A comprehensive study of the velocity, momentum and position matrix elements for Bloch states using a local orbital basis

TL;DR

This paper thoroughly examines the velocity operator in crystalline solids using local orbital basis sets, clarifying theoretical ambiguities, and comparing computational approaches to improve the accuracy of physical property evaluations.

Contribution

It provides a unified, rigorous derivation of the velocity operator in local orbital bases, incorporating Berry connection and gauge choices, and compares DFT-based calculations with real-space evaluations.

Findings

Correct expression for velocity operator derived without ambiguous steps

Berry connection's role in velocity operator clarified

Non-local corrections impact momentum-velocity relationship in DFT calculations

Abstract

We present a comprehensive study of the velocity operator, $\hat{\boldsymbol{v}}=\frac{i}{\hbar} [\hat{H},\hat{\boldsymbol{r}}]$, when used in crystalline solids calculations. The velocity operator is key to the evaluation of a number of physical properties and its computation, both from a practical and fundamental perspective, has been a long-standing debate for decades. Our work summarizes the different approaches found in the literature, connecting them and filling the gaps in the sometimes non-rigorous derivations. In particular we focus on the use of local orbital basis sets where the velocity operator cannot be approximated by the $k$-derivative of the Bloch Hamiltonian matrix.

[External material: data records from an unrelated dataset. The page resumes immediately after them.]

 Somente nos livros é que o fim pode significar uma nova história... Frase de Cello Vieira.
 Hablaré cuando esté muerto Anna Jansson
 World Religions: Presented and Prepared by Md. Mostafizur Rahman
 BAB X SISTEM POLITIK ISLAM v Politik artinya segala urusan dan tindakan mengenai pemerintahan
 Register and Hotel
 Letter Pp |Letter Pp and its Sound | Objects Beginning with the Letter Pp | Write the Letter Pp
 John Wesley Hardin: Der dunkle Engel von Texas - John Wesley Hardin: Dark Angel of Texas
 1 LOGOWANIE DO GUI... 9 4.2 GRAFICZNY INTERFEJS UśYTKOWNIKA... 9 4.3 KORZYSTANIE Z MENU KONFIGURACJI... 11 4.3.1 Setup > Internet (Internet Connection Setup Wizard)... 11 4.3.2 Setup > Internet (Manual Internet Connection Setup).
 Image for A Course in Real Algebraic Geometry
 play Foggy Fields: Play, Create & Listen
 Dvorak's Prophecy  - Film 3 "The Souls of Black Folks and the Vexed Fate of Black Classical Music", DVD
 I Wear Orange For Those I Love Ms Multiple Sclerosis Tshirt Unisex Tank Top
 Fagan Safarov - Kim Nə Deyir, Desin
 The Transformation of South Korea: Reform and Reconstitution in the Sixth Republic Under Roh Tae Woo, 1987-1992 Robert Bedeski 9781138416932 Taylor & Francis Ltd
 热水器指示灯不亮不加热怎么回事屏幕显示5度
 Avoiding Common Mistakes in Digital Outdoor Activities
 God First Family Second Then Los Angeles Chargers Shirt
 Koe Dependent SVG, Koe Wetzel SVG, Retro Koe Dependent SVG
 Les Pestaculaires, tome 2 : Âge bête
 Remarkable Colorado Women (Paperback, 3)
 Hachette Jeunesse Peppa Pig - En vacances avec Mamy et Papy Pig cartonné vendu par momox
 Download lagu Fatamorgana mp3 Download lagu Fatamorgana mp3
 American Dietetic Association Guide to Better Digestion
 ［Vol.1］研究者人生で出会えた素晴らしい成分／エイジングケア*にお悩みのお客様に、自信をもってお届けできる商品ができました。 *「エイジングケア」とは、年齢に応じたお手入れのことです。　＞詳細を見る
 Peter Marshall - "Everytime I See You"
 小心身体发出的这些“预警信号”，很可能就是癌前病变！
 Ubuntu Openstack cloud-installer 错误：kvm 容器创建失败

Among other things, we show how the correct expression can be found without unequivocal mathematical steps, how the Berry connection makes its way in this expression, and how to properly deal with the two popular gauge choices that coexist in the literature. Finally, we explore its use in density functional theory calculations by comparing with its real-space evaluation through the identification with the canonical momentum operator. This comparison offers us, in addition, a glimpse of the importance of non-local corrections, which may invalidate the naive momentum-velocity correspondence.